Devotion is a 2022 American biographical war film based on the 2015 book Devotion: An Epic Story of Heroism, Friendship, and Sacrifice by Adam Makos, which retells the comradeship between naval officers Jesse Brown and Tom Hudner during the Korean War. It is directed by J. D. Dillard and written by Jake Crane and Jonathan Stewart. The film stars Jonathan Majors as Brown and Glen Powell as Hudner, along with Christina Jackson, Daren Kagasoff, Joe Jonas, Nick Hargrove, Spencer Neville, and Thomas Sadoski in supporting roles.

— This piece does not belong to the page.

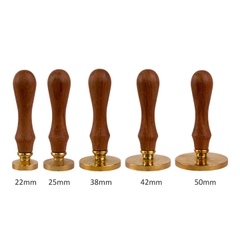Phôi đồng Φ22mm /  Φ25mm /  Φ38mm /  Φ42mm /  Φ50mm cán gỗ, dấu cán đồng, dấu chấm mực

Devotion premiered at the Toronto International Film Festival in IMAX at the Ontario Place Cinesphere on September 12, 2022, and was released by Columbia Pictures through Sony Pictures Releasing in the United States on November 23, 2022. While it received positive reviews from critics and audiences, it grossed $21.8 million worldwide against a $90 million budget.

Plot
In early 1950, Lieutenant Tom Hudner transfers to Fighter Squadron 32 (VF-32) at Quonset Point Naval Air Station, where he meets Ensign Jesse Brown, the only black member of the unit. Hudner integrates well into the squadron, which is assigned F4U-4 Corsairs – powerful planes with a reputation for fatal accidents if not handled properly. After Brown's car breaks down, Hudner starts giving him rides and eventually meets his wife Daisy and their young daughter Pam. The Browns are doing well, but struggle with racist neighbors, and Brown has resorted to shouting racist abuse at himself in the mirror for motivation before missions.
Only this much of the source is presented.